Back in 2005, I railed against Ashlee Simpson as the perfect example of what is wrong with the music industry.  It has been my contention that the big record labels had long ago lost touch with good music in favor of cute teeny boppers that could become a brand for movies, tv shows, perfume, lunchboxes etc. (I’m talking to you, Miley.)  That was part of the reason that podcasting exploded in popularity – people were fed up with being spoon fed no-talent hacks that looked good in their headshots.

Look at all the crossover that happened in the music scene thanks to talented artists jumping on the podcasting wave – Ingrid Michaelson, Death Cab for Cutie, and on and on.   Just when I was starting to think that labels were finally “getting it,” out pops Taylor Swift.

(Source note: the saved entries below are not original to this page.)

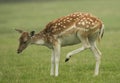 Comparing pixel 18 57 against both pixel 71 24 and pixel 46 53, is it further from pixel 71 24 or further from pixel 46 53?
pixel 71 24

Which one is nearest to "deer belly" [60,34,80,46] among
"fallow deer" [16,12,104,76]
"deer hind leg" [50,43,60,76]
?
"fallow deer" [16,12,104,76]

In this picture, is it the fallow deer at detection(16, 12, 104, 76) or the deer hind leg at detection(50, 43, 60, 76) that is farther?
the deer hind leg at detection(50, 43, 60, 76)

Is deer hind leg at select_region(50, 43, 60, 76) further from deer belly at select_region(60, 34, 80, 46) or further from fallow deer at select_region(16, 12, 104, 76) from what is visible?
deer belly at select_region(60, 34, 80, 46)

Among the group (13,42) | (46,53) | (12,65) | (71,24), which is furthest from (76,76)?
(13,42)

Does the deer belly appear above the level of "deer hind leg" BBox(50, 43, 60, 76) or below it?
above

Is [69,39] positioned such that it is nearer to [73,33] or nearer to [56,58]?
[73,33]

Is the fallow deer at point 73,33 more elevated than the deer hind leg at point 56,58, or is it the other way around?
the fallow deer at point 73,33

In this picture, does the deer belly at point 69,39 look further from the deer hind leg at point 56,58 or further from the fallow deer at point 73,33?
the deer hind leg at point 56,58

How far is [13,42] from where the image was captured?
2406 centimetres

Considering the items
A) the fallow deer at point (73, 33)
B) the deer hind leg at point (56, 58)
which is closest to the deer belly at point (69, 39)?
the fallow deer at point (73, 33)

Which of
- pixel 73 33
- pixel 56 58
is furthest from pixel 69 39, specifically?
pixel 56 58

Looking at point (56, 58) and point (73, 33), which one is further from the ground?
point (73, 33)

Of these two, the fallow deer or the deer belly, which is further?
the deer belly

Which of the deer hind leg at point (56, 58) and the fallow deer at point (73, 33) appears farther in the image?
the deer hind leg at point (56, 58) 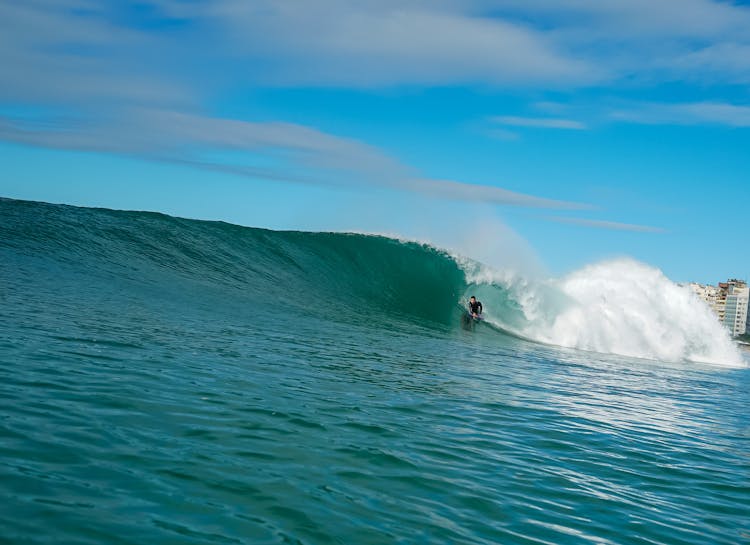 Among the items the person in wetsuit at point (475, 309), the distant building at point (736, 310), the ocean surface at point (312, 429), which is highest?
the distant building at point (736, 310)

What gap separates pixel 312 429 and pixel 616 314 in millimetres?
20169

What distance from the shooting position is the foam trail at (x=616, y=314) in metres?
23.6

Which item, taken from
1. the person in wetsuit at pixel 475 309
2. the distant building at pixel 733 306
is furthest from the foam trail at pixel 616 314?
the distant building at pixel 733 306

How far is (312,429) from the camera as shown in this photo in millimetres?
6180

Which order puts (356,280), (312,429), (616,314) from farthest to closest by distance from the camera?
(356,280), (616,314), (312,429)

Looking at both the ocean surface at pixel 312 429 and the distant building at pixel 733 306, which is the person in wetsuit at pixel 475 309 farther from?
the distant building at pixel 733 306

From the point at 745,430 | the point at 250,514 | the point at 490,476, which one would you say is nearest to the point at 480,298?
the point at 745,430

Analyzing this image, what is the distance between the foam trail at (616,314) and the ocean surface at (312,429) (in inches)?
225

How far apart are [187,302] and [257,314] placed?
1470mm

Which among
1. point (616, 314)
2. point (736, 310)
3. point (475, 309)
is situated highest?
point (736, 310)

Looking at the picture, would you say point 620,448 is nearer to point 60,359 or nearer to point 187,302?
point 60,359

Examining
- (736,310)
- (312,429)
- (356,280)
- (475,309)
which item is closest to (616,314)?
(475,309)

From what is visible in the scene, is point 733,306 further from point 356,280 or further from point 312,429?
point 312,429

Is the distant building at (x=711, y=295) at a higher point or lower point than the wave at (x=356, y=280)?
higher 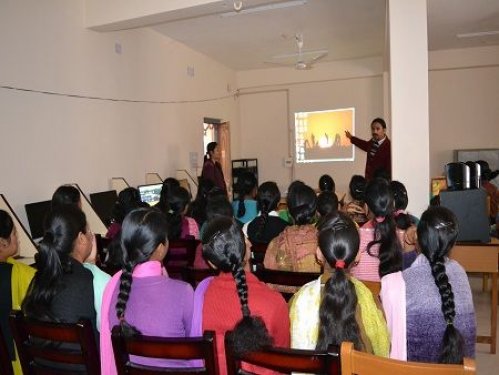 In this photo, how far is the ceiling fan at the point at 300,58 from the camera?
20.5ft

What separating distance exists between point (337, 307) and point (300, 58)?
5.82 meters

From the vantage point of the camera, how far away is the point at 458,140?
7.63 meters

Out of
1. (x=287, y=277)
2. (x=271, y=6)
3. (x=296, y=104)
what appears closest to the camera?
(x=287, y=277)

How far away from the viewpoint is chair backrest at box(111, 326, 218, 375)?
1135 mm

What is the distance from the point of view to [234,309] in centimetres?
136

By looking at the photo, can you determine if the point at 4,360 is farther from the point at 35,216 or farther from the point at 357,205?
the point at 357,205

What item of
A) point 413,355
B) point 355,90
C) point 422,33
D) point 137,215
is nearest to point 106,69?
point 422,33

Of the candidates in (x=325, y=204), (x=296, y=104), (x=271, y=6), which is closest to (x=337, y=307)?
(x=325, y=204)

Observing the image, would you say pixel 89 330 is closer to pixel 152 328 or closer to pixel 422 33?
pixel 152 328

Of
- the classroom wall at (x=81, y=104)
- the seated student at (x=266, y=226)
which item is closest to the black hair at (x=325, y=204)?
the seated student at (x=266, y=226)

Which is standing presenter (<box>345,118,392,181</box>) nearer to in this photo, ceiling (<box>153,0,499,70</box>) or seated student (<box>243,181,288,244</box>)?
ceiling (<box>153,0,499,70</box>)

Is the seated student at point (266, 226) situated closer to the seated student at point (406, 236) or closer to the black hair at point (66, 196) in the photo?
the seated student at point (406, 236)

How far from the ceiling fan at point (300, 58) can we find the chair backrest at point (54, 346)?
523 centimetres

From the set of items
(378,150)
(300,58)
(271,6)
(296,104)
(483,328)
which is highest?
(271,6) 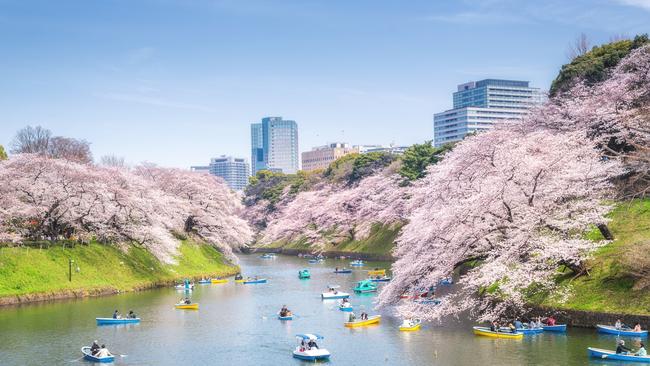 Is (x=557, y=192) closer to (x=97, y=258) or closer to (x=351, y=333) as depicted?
(x=351, y=333)

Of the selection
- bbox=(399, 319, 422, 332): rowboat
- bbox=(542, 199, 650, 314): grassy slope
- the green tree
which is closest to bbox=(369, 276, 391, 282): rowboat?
bbox=(542, 199, 650, 314): grassy slope

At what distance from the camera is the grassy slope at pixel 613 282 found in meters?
40.1

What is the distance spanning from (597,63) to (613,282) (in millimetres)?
36093

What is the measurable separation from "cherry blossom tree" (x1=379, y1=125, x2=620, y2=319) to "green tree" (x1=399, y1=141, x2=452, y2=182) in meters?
59.9

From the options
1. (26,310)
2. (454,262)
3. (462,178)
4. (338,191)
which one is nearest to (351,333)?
(454,262)

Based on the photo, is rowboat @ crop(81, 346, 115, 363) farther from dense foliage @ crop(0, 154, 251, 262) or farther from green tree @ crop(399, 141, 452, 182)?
green tree @ crop(399, 141, 452, 182)

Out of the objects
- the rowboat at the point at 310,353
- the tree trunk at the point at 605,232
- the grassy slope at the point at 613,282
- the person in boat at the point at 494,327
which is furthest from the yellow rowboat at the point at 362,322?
the tree trunk at the point at 605,232

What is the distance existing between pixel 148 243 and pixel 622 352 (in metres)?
50.5

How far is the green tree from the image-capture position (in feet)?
350

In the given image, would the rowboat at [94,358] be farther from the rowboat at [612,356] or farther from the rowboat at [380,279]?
the rowboat at [380,279]

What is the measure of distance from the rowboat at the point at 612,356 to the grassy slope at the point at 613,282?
599 cm

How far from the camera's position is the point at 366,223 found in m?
119

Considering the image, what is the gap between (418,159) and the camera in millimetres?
108438

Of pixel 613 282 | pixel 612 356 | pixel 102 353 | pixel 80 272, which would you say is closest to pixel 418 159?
pixel 80 272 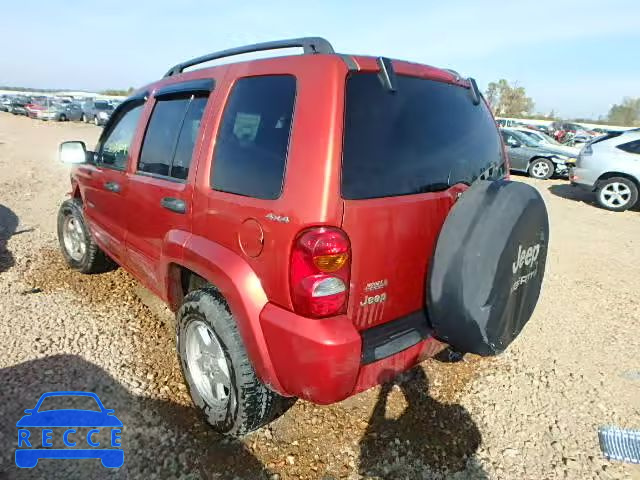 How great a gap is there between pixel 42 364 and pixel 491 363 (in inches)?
125

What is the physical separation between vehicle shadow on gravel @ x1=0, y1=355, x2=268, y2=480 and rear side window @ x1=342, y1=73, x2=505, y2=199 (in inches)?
60.5

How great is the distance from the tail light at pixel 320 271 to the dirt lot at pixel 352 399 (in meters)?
1.00

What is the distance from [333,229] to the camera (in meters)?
1.68

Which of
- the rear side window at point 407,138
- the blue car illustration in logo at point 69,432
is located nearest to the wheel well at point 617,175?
the rear side window at point 407,138

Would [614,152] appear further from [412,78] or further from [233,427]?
[233,427]

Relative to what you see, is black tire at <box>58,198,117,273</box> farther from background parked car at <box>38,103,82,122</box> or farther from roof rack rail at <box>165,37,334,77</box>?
background parked car at <box>38,103,82,122</box>

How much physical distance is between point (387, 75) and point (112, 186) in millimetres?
2287

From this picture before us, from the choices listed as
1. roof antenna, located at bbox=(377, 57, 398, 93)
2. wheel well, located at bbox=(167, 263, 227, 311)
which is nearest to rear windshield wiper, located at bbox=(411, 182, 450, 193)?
roof antenna, located at bbox=(377, 57, 398, 93)

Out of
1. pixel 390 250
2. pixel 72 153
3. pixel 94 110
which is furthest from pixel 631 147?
pixel 94 110

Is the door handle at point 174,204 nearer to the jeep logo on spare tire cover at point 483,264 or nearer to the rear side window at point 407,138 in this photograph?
the rear side window at point 407,138

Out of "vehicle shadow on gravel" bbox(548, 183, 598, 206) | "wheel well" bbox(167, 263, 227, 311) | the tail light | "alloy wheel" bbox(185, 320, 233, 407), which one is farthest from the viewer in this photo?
"vehicle shadow on gravel" bbox(548, 183, 598, 206)

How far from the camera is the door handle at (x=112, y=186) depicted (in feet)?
10.00

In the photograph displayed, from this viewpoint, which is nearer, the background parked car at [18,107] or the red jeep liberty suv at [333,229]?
the red jeep liberty suv at [333,229]

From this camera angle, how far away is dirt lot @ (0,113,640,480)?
85.9 inches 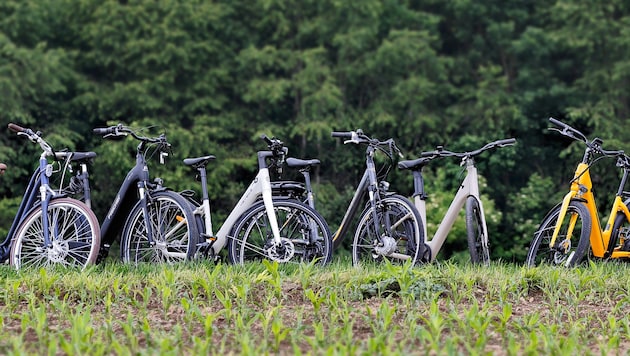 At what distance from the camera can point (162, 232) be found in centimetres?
675

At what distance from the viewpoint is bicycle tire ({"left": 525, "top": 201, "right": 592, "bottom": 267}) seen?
258 inches

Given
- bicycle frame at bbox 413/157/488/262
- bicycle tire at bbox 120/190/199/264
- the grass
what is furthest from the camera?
bicycle frame at bbox 413/157/488/262

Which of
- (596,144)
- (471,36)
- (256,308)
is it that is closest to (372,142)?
(596,144)

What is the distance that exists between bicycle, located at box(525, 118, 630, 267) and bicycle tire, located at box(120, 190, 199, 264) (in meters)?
2.45

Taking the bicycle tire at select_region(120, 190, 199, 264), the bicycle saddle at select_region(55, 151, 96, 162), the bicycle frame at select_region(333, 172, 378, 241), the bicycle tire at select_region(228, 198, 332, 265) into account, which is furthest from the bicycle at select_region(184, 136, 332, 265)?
the bicycle saddle at select_region(55, 151, 96, 162)

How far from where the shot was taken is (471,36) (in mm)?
17922

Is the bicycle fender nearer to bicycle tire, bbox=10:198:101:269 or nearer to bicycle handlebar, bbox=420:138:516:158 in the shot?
bicycle handlebar, bbox=420:138:516:158

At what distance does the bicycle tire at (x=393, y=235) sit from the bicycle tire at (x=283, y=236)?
1.25 ft

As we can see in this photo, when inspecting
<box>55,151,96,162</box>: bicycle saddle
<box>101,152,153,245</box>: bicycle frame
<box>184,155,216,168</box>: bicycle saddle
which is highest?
<box>55,151,96,162</box>: bicycle saddle

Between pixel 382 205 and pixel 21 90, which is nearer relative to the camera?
pixel 382 205

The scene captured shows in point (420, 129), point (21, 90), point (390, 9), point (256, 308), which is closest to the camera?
point (256, 308)

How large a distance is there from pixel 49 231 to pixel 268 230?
61.0 inches

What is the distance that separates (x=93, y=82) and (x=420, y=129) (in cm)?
552

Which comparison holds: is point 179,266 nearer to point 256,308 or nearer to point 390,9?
point 256,308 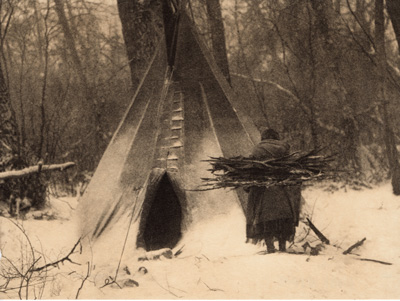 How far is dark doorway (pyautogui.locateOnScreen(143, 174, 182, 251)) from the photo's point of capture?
5016 mm

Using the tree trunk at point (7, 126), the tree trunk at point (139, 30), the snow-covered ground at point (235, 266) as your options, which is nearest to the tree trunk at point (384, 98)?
the snow-covered ground at point (235, 266)

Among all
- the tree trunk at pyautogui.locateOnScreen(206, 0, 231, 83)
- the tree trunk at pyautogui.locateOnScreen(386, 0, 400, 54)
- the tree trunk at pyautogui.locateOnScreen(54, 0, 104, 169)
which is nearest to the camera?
the tree trunk at pyautogui.locateOnScreen(386, 0, 400, 54)

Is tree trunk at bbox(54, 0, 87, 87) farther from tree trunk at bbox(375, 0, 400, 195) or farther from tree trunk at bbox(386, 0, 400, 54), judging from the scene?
tree trunk at bbox(386, 0, 400, 54)

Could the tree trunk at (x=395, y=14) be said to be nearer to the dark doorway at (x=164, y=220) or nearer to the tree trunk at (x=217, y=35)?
the tree trunk at (x=217, y=35)

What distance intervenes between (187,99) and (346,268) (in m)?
2.58

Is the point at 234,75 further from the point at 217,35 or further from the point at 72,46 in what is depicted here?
the point at 72,46

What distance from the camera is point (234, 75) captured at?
9602 mm

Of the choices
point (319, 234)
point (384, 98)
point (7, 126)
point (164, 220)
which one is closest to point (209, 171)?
point (164, 220)

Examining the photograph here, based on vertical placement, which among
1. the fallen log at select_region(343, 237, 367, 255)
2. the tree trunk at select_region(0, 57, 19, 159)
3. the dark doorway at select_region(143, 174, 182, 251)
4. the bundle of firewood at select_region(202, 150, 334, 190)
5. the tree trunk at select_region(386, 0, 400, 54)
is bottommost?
the fallen log at select_region(343, 237, 367, 255)

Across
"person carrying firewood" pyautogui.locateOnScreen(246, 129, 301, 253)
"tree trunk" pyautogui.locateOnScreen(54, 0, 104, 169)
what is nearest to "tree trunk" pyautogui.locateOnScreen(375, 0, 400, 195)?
"person carrying firewood" pyautogui.locateOnScreen(246, 129, 301, 253)

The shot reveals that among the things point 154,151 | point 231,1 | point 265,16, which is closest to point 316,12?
point 265,16

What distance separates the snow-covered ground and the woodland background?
88 centimetres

Sure, her music sounded great on the radio.  It was full of catchy lyrics, seemed very contemporary, and her voice was one that you didn’t mind hearing every twenty minutes across the Clear Channel stations.  I can’t say I was ever a fan, but even I almost fell for the marketing.

First the fact that she was so overplayed annoyed me nearly as much as the lyrics that sounded like they came from the latest tweener vampire romance.  The repetition did its job and I found myself singing along to songs I detested.  Next came what was Ashlee Simpson’s big downfall – Saturday Night Live.  For Taylor, it played out much better.  She came across as a happy, fun-loving jokester that really got into the “other side” of her marketing machine.  I almost got sucked in off the SNL appearance alone.

In the end, the true test of any singer is…. well, uh – singing.  Can you say “EPIC FAIL?”

Swift’s live performances on the Country Music Awards, quickly followed by live performances at the Grammys were horrendous!  I cannot stress enough how badly she sucked.  To say she couldn’t carry a tune in a bucket is an insult to that old saying.  I have heard tomcats having makeup sex that was easier to listen to.

Ecclesiastes 3:1 says “To every thing there is a season, and a time to every purpose under the heaven.”  I have to trust that is true, but I can’t for the life of me figure out what purpose Taylor Swift’s music has – unless it is to encourage people once again to turn off their radios, stop ‘drinking the kool aid,’ and discover the great music probably right under their nose at local gigs.